Omit the images. Reproduce each line of the records exactly as it appears.

[[ INFORMATION open ]]

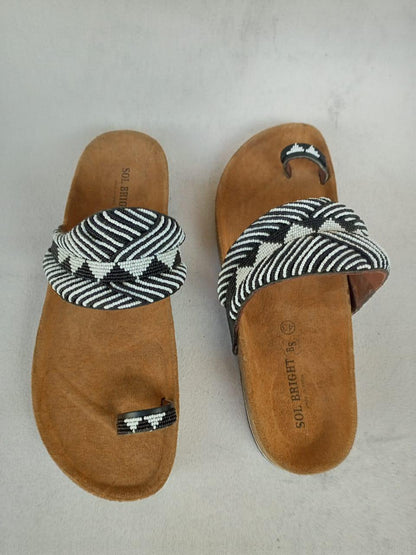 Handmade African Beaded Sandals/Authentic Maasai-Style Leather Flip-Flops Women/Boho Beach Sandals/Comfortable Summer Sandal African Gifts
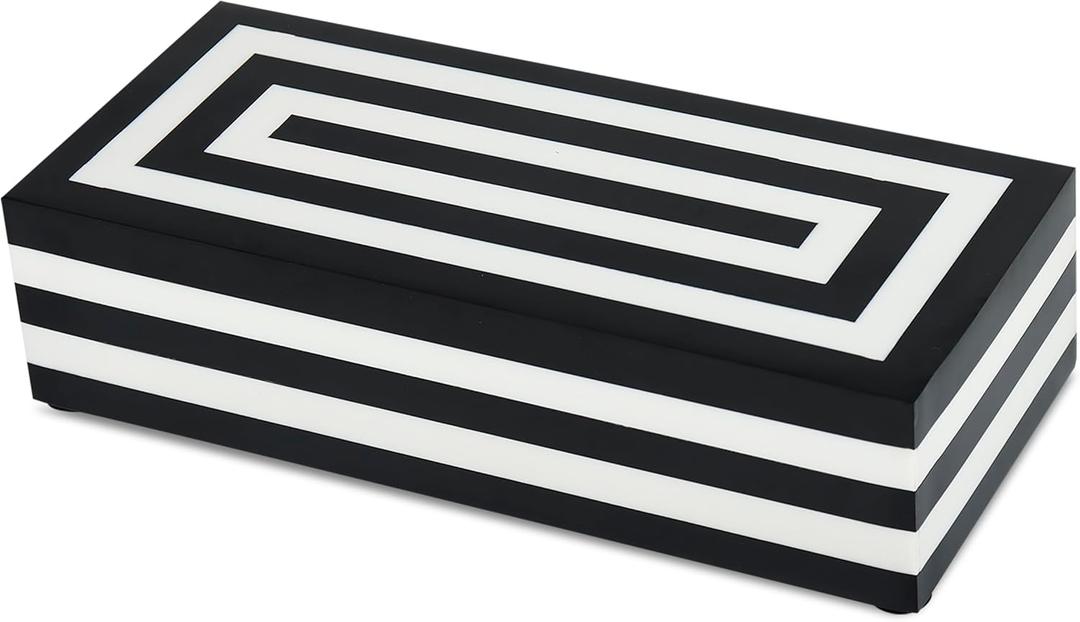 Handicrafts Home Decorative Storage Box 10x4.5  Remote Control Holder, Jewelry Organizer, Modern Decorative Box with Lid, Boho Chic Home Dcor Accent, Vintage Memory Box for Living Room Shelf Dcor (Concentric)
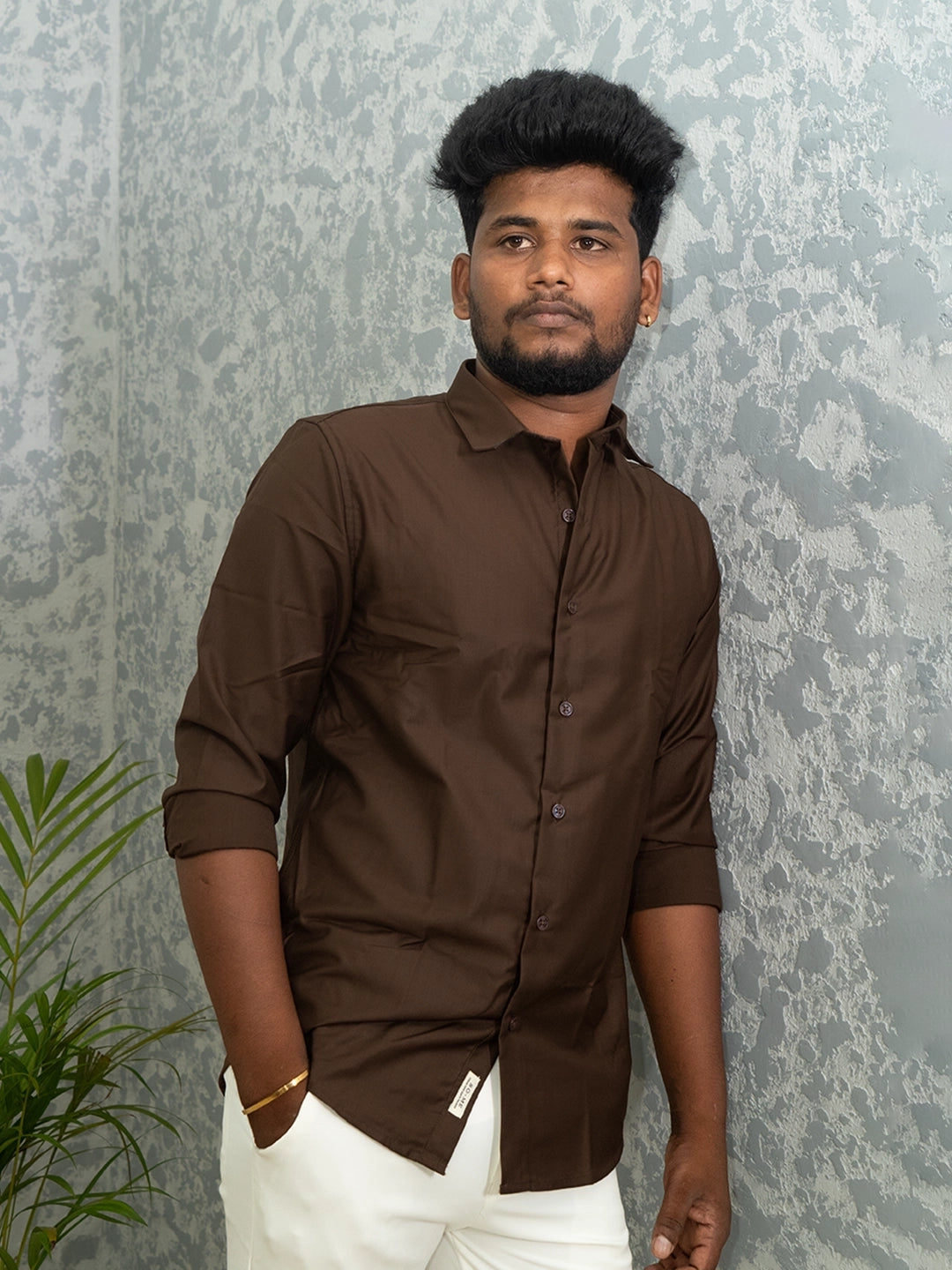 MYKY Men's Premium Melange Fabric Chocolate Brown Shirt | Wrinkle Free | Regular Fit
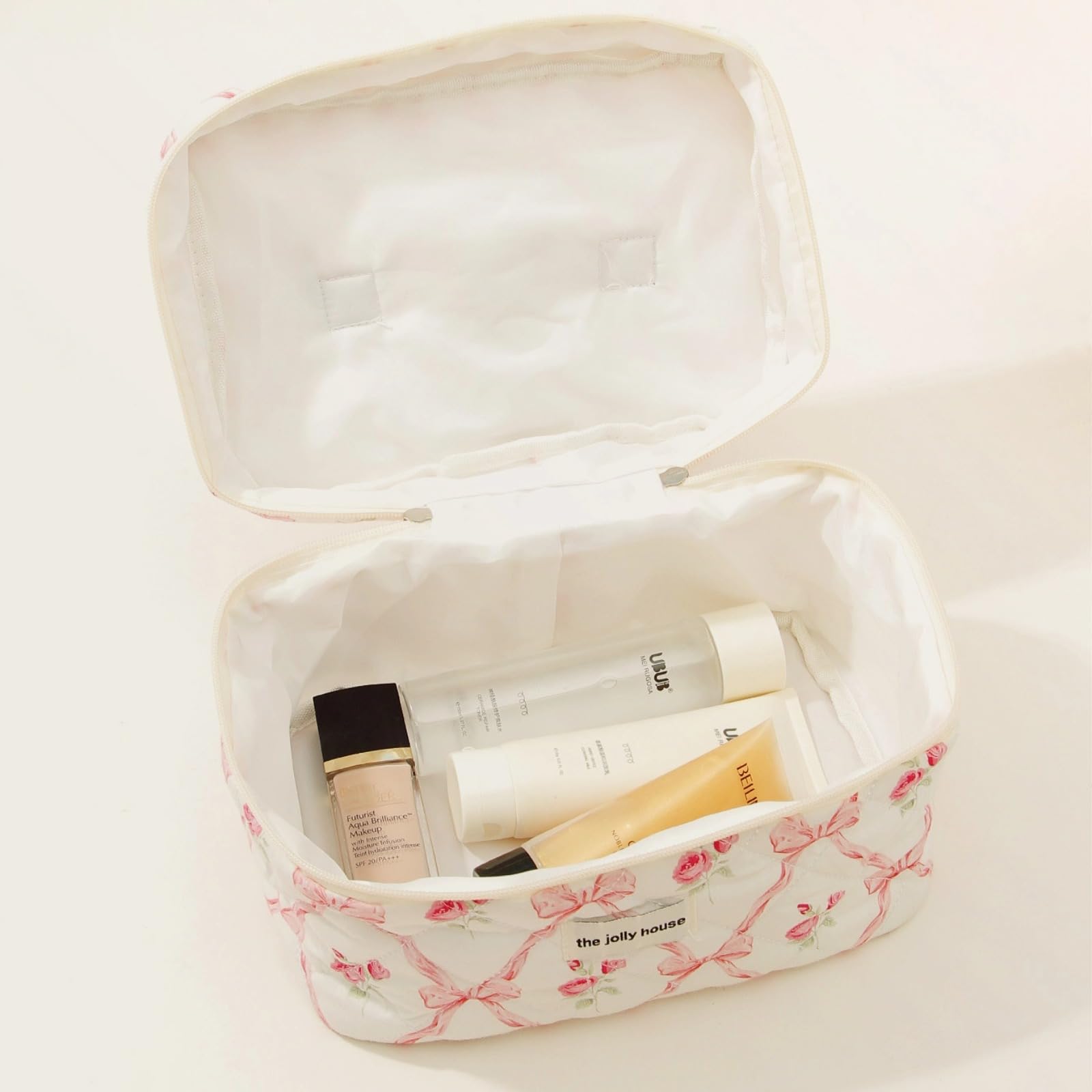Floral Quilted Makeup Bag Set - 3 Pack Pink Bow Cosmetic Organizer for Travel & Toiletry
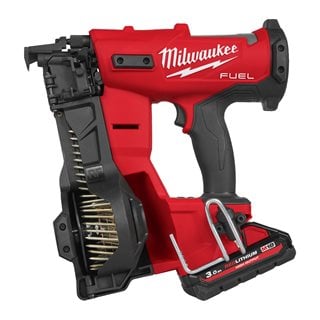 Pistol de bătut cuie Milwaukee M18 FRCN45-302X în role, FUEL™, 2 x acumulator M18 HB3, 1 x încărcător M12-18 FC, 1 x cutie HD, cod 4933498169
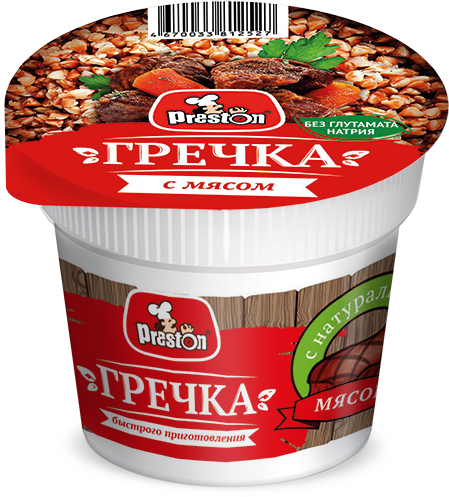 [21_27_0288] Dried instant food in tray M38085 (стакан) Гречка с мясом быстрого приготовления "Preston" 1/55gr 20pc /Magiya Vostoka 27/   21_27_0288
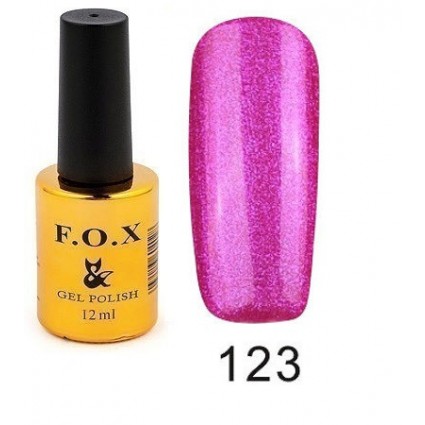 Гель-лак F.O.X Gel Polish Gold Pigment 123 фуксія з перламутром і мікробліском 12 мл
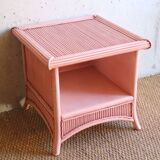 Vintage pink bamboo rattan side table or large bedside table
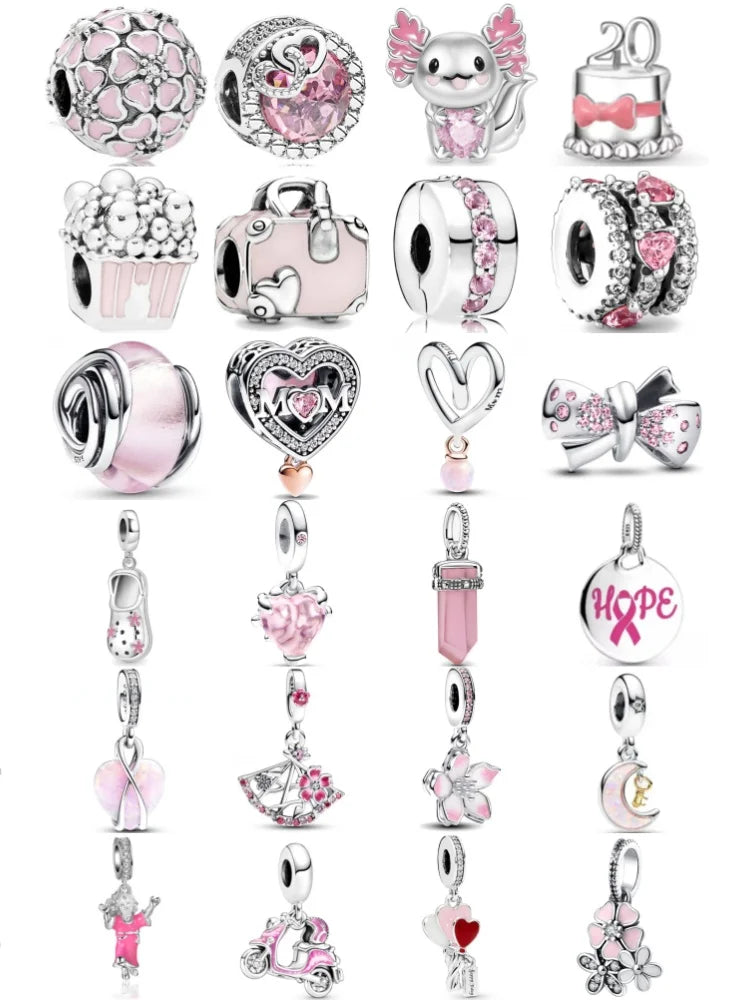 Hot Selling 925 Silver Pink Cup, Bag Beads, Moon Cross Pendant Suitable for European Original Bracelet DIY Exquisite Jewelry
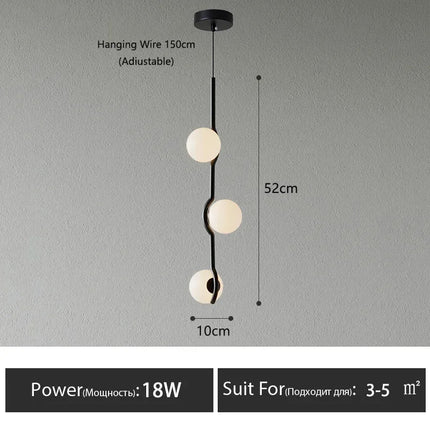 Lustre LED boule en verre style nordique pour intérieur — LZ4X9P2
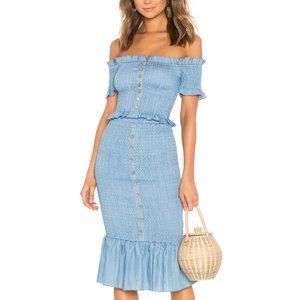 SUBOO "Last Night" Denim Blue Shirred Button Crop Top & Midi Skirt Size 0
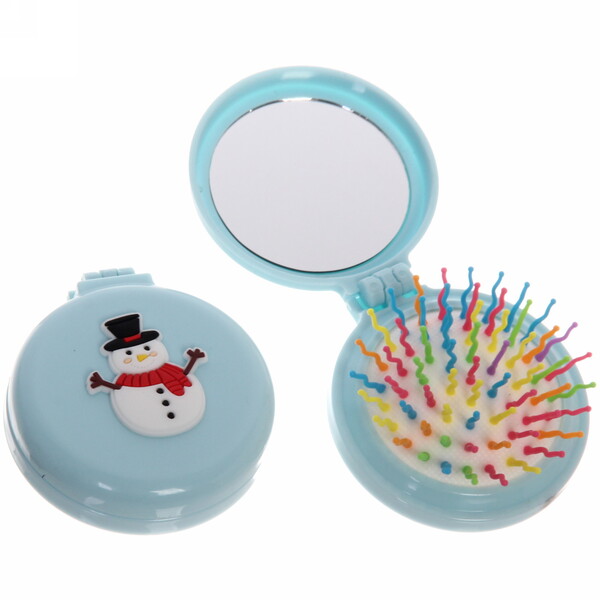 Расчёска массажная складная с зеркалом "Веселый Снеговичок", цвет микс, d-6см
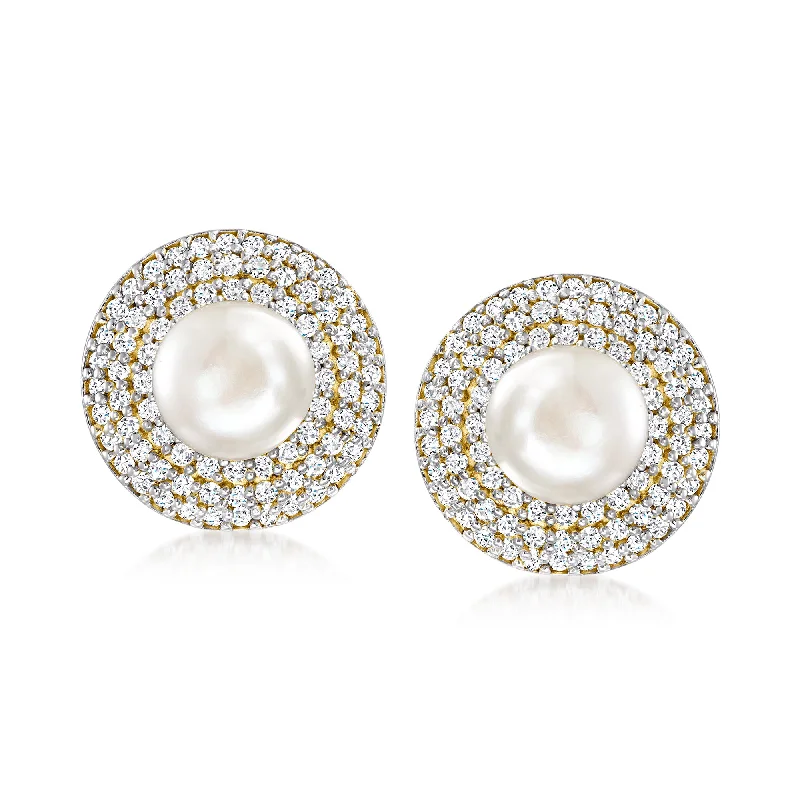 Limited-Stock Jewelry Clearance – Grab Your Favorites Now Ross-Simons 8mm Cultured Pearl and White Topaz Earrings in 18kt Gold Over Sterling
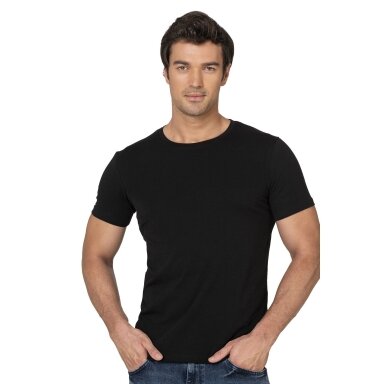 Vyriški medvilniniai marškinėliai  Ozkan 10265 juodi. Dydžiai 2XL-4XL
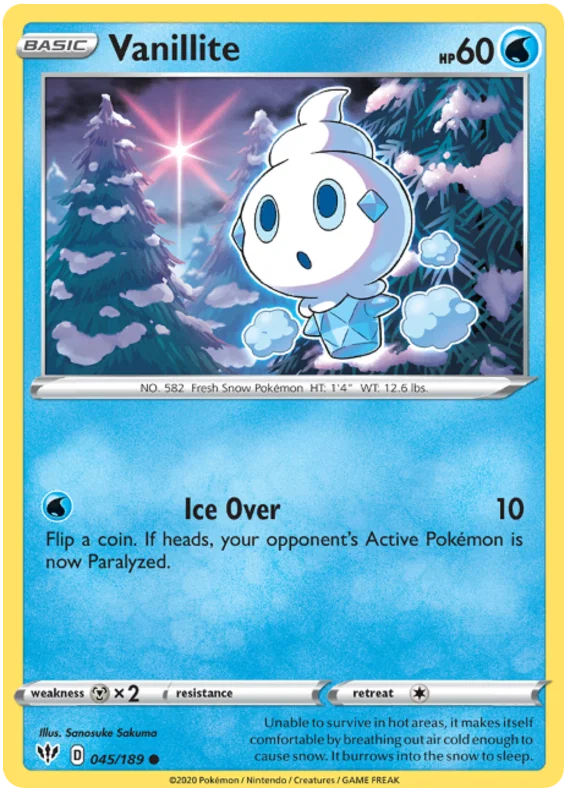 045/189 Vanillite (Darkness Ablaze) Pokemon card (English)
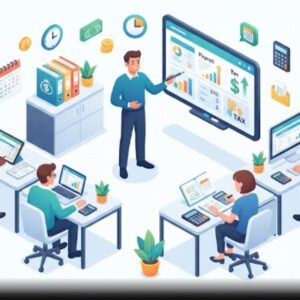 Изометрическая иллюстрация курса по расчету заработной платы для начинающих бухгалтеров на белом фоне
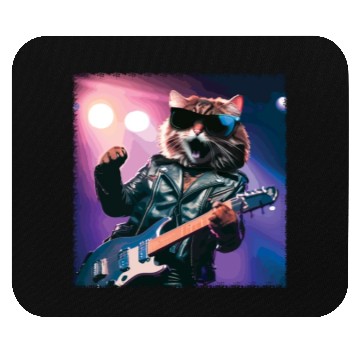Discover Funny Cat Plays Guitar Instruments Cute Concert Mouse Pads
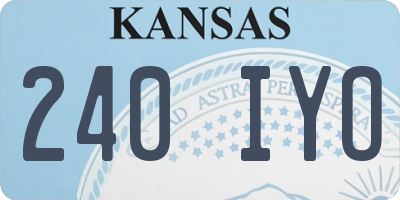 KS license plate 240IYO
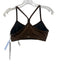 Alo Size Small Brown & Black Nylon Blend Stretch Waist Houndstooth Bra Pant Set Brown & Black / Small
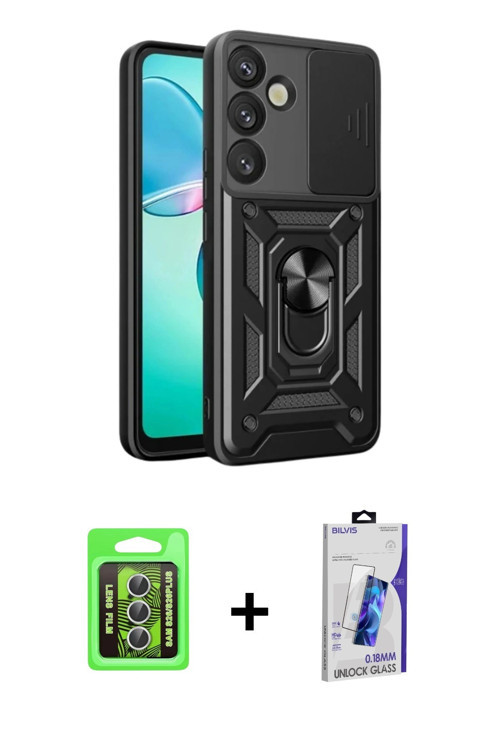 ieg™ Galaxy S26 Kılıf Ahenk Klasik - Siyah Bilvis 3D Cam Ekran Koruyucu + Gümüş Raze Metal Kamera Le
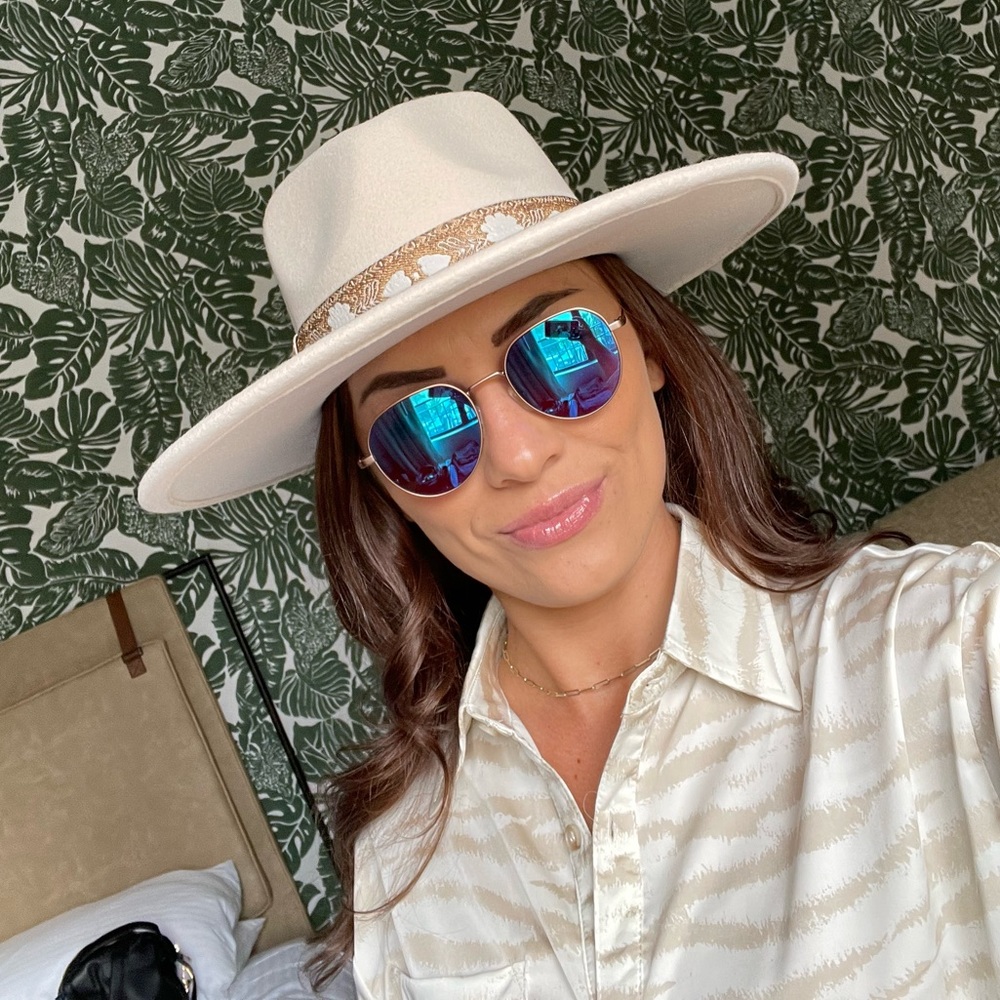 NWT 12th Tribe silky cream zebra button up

[[ INFORMATION closed ]]

YOUR RESPONSE
 Handmade African Beaded Sandals/Authentic Maasai-Style Leather Flip-Flops Women/Boho Beach Sandals/Comfortable Summer Sandal African Gifts
 Handicrafts Home Decorative Storage Box 10x4.5  Remote Control Holder, Jewelry Organizer, Modern Decorative Box with Lid, Boho Chic Home Dcor Accent, Vintage Memory Box for Living Room Shelf Dcor (Concentric)
 MYKY Men's Premium Melange Fabric Chocolate Brown Shirt | Wrinkle Free | Regular Fit
Floral Quilted Makeup Bag Set - 3 Pack Pink Bow Cosmetic Organizer for Travel & Toiletry
 Pistol de bătut cuie Milwaukee M18 FRCN45-302X în role, FUEL™, 2 x acumulator M18 HB3, 1 x încărcător M12-18 FC, 1 x cutie HD, cod 4933498169
 [21_27_0288] Dried instant food in tray M38085 (стакан) Гречка с мясом быстрого приготовления "Preston" 1/55gr 20pc /Magiya Vostoka 27/   21_27_0288
 Гель-лак F.O.X Gel Polish Gold Pigment 123 фуксія з перламутром і мікробліском 12 мл
 Vintage pink bamboo rattan side table or large bedside table
 Hot Selling 925 Silver Pink Cup, Bag Beads, Moon Cross Pendant Suitable for European Original Bracelet DIY Exquisite Jewelry
 Lustre LED boule en verre style nordique pour intérieur — LZ4X9P2
 SUBOO "Last Night" Denim Blue Shirred Button Crop Top & Midi Skirt Size 0
 Расчёска массажная складная с зеркалом "Веселый Снеговичок", цвет микс, d-6см
 Limited-Stock Jewelry Clearance – Grab Your Favorites Now Ross-Simons 8mm Cultured Pearl and White Topaz Earrings in 18kt Gold Over Sterling
 Vyriški medvilniniai marškinėliai  Ozkan 10265 juodi. Dydžiai 2XL-4XL
 045/189 Vanillite (Darkness Ablaze) Pokemon card (English)
 Изометрическая иллюстрация курса по расчету заработной платы для начинающих бухгалтеров на белом фоне
Discover Funny Cat Plays Guitar Instruments Cute Concert Mouse Pads
 KS license plate 240IYO
 Alo Size Small Brown & Black Nylon Blend Stretch Waist Houndstooth Bra Pant Set Brown & Black / Small
 ieg™ Galaxy S26 Kılıf Ahenk Klasik - Siyah Bilvis 3D Cam Ekran Koruyucu + Gümüş Raze Metal Kamera Le
 NWT 12th Tribe silky cream zebra button up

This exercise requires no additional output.